== Source material ==

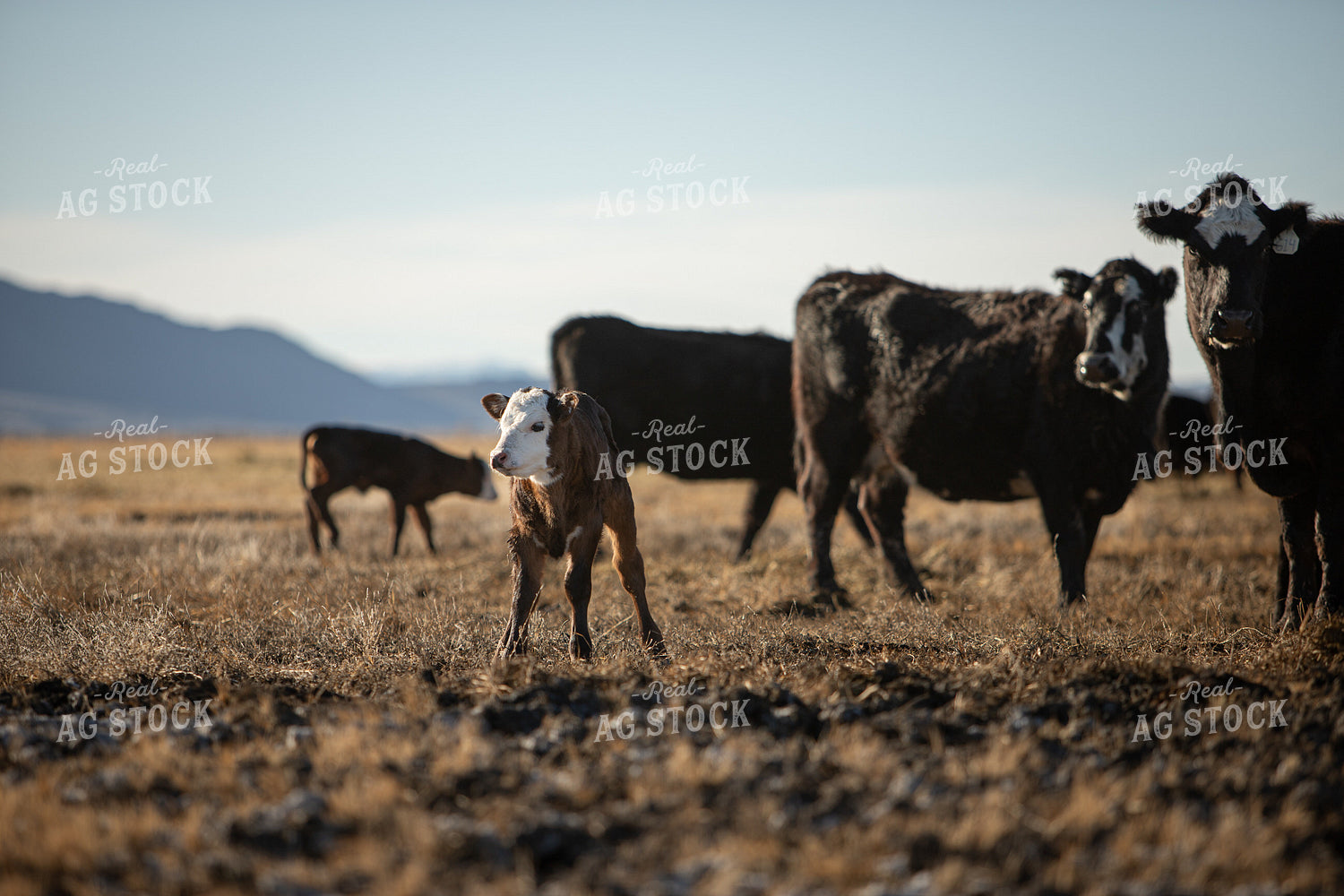 Black Baldy Cattle 78177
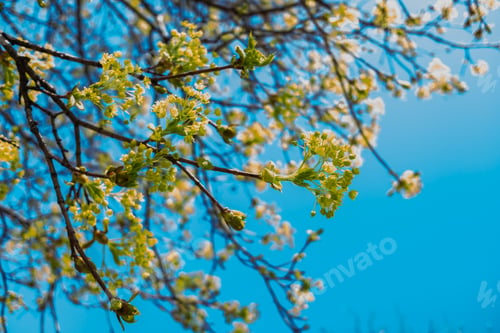 Preview: Blooming tree branches against a clear blue sky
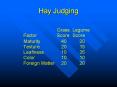 Hay Judging PowerPoint PPT Presentation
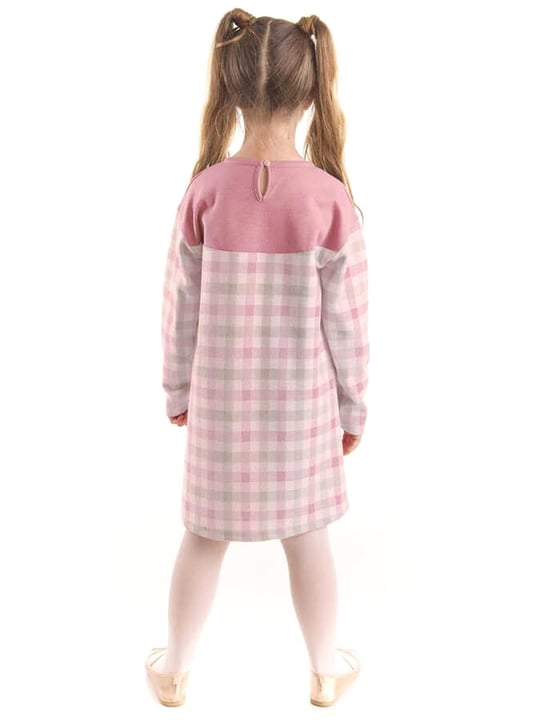 Denokids Kız Çocuk Kalpli Kedi Ekose Elbise Pembe CFF-22S1-075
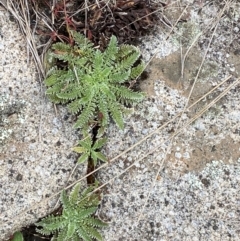 Oreomyrrhis argentea at Namadgi National Park - 17 Feb 2024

===

Problem to work on -> Leave out the pictures, and retype exactly the lines from the one containing "Preview: Blooming tree" through the last line of the data above, no more and no less.

Answer box ->
 Preview: Blooming tree branches against a clear blue sky
 Hay Judging PowerPoint PPT Presentation
 Denokids Kız Çocuk Kalpli Kedi Ekose Elbise Pembe CFF-22S1-075
 Oreomyrrhis argentea at Namadgi National Park - 17 Feb 2024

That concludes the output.